Ripped off of several blogs I've read today. What can I say? enjoy a good trend.

Your Linguistic Profile:

60% General American English
25% Yankee
10% Upper Midwestern
5% Dixie
0% Midwestern

February 5, 2005

a little naughty

For all you Bush Unfans out there:

I came across the George Bush Monkey Face Generator. Be careful not to use too complicated vocabulary words when you type in what kind of face you want to see. I thought it was pretty hilarious.

January 20, 2005

Big Events come mid-July

Harry Potter and the Half-Blood Prince, book 6 is scheduled to be released on July 16.

Elvis is due somewhere between July 10 and July 17. He might get an earlier introduction to Harry Potter than I intended. :-)

September 29, 2004

Ear training

It was, well, a lot simpler back then (say.... c. 900):

Interval
1. semitone—two tones separated by the smallest distance, so that the space between them is scarcely perceived.
2. whole tone—a more perceptible interval
3. semiditone (minor third)—a little larger
4. ditone (major third)—extends farther than this
5. diatessaron (perfect fourth)—even greater
6. tritone—still ampler
7. diapente (perfect fifth)—supasses these by due amount
8. semitone-plus-diapente (minor sixth)—
9. whole-tone-plus-diapente (major sixth)—extending over the widest space of all, has the last place among these intervals, for you will never find one larger than it or smaller than the first.

September 25, 2004

context = meaning

Every once in awhile, somebody throws a quote at you that is just hilarious, but you know that it must be taken out of context. Nevertheless, still worth a big chuckle.

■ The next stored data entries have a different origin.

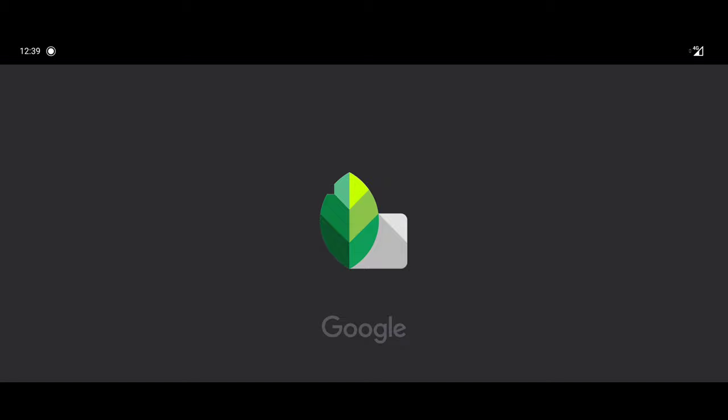Now if you've not used Snapseed before and you're a bit daunted by all of the tools that are available, there is a tutorial section which is available by clicking the three dots in the top right hand corner, and that will give you an introduction to all of the different features and show you how you can use them to their best advantage.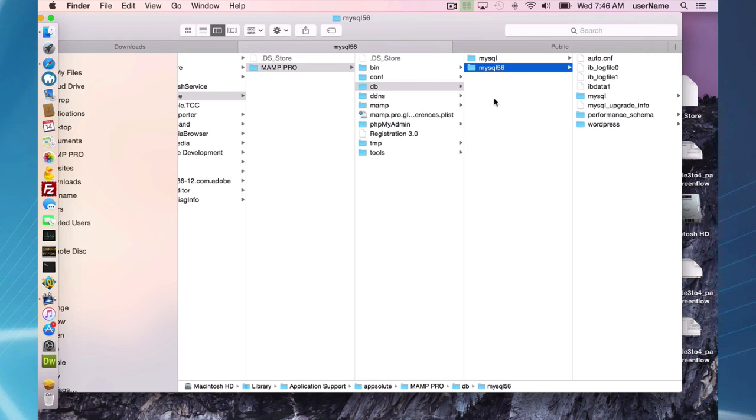And that's going to do it for this screencast on upgrading from MAMP Pro 3 to MAMP Pro 4.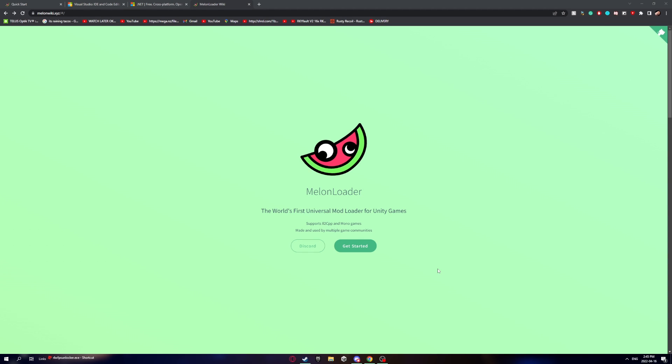Today I'm making a quick tutorial on how to make a mod for literally any Unity game you can think of. This tutorial is for beginners, but it is recommended you know the basics of the C# programming language as well as the Unity engine.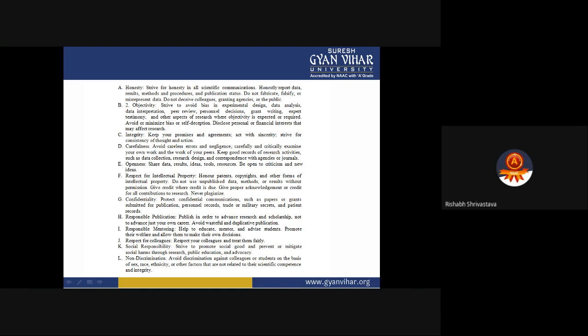Honesty: Strive for honesty in all scientific communication. Honestly report data, results, methods, procedures, and publication status. Do not fabricate, falsify, or misrepresent data. Do not deceive colleagues, granting agencies, or the public. The more truthful you are with reference to your research, the more people will believe you and your work. Hiding data, manipulating results, not showing methods, or submitting the same publication to different journals simultaneously all come under dishonesty and will damage your reputation.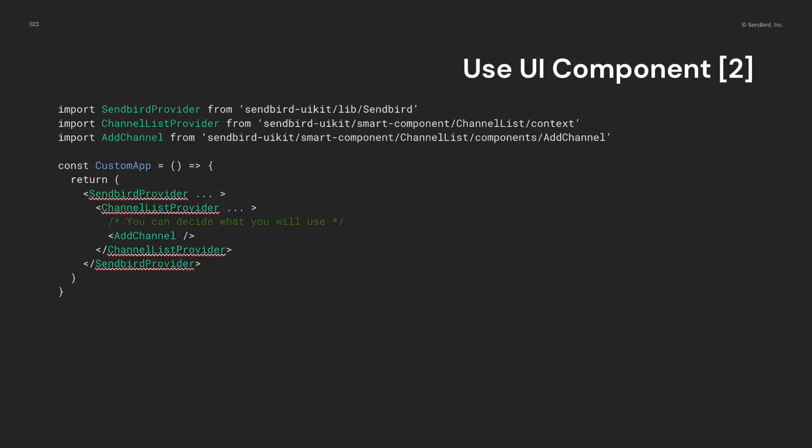For example, you can decide to display only the channel create button without any header or channel list in the channel list provider.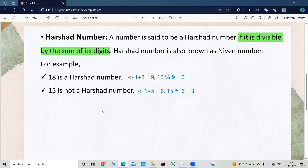Now we need to write a program to check whether a number is a Hirsheth number or not. We can easily check whether a number is divisible by another number. But for the sum of the digits of a number, we need to know how to write code for it. I have already made a video on finding the sum of digits — if you haven't watched it, please do watch it. I will provide the link in the description box.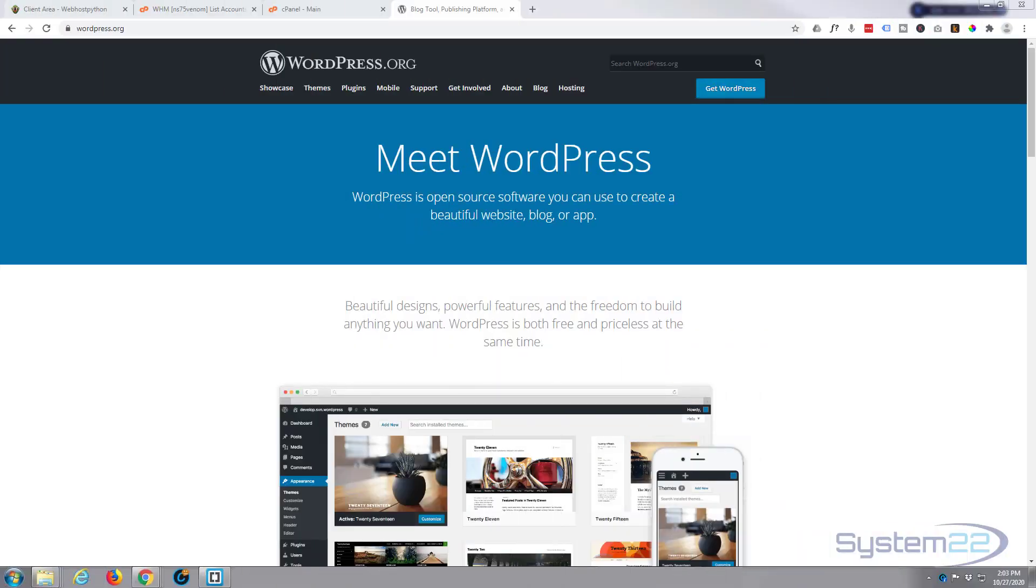Hi guys and welcome to another WordPress video. This is Jamie from System 22 and webdesignandtechtips.com. We had a question—I've probably covered this before but not for a year or so—how do you actually install WordPress?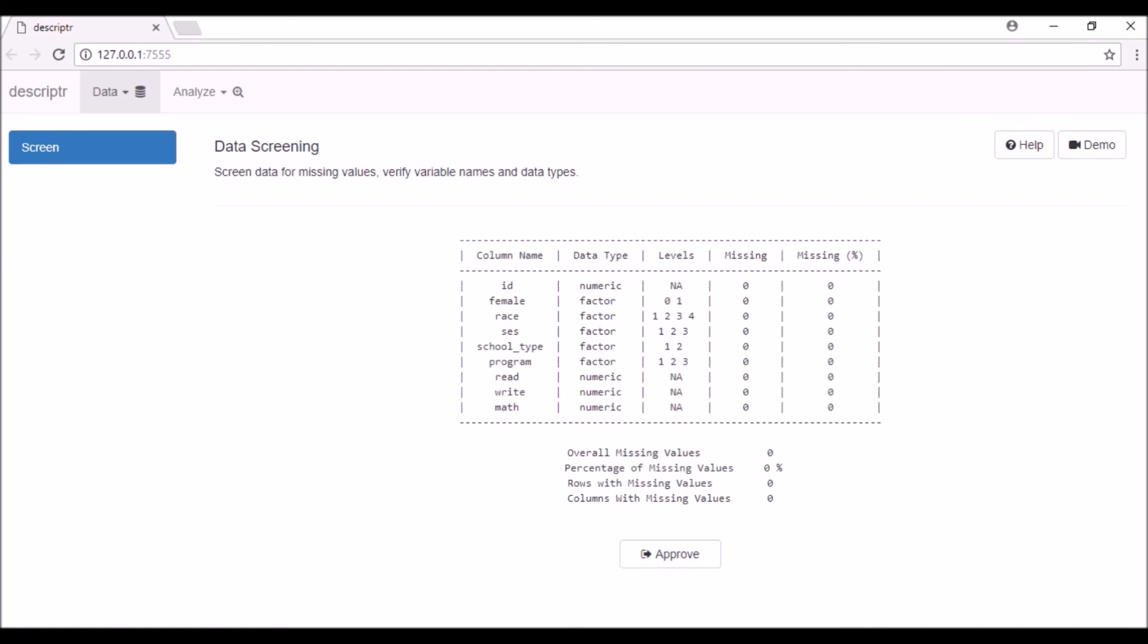The first column displays the variable name. You can see the variable names as modified in the Transform tab. The second column displays the data types. The third column displays levels of the factor variables. Inspect this column to ensure that all the levels of a variable are present. The last two columns display the number and percent of missing values in each variable. You can also see the overall missing values, as well as the number of rows and columns in the data with at least one missing value.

"I think there is some methodolgy in my travels." George W. Bush

August 5, 2004

where should I live?

Thanks to Mrs. Crumley, you can take a scientific quiz, which will help you determine the top 24 places where you should live.

My results:
1) Little Rock, Arkansas (whether or not you'd be willing to live in Arkansas was not a question. If it were my answer would be no)
2) Portland, OR -- cool
3) Providence, RI -- also cool
4) Baltimore, MD -- What do you know? I was born there!
5) Baton Rouge, LA -- not so.
6) New Orleans, LA -- hmm. Guess I shouldn't be playing this quiz.....

Two other cities in LA were listed: Shreveport and Natchitoches. However the latter is most definitely NOT a city, and I wouldn't want to LIVE there, though a nice place to visit. The majority of places listed were on the west coast or in New England. Am I predictable or what?

April 28, 2004

book list

I was going to ignore this because it's humiliating and arbitrary. But I thought Erica would get a kick out of it, too. I found it here. So here goes:

The rules: highlight (or bold) everything in the list that you have read.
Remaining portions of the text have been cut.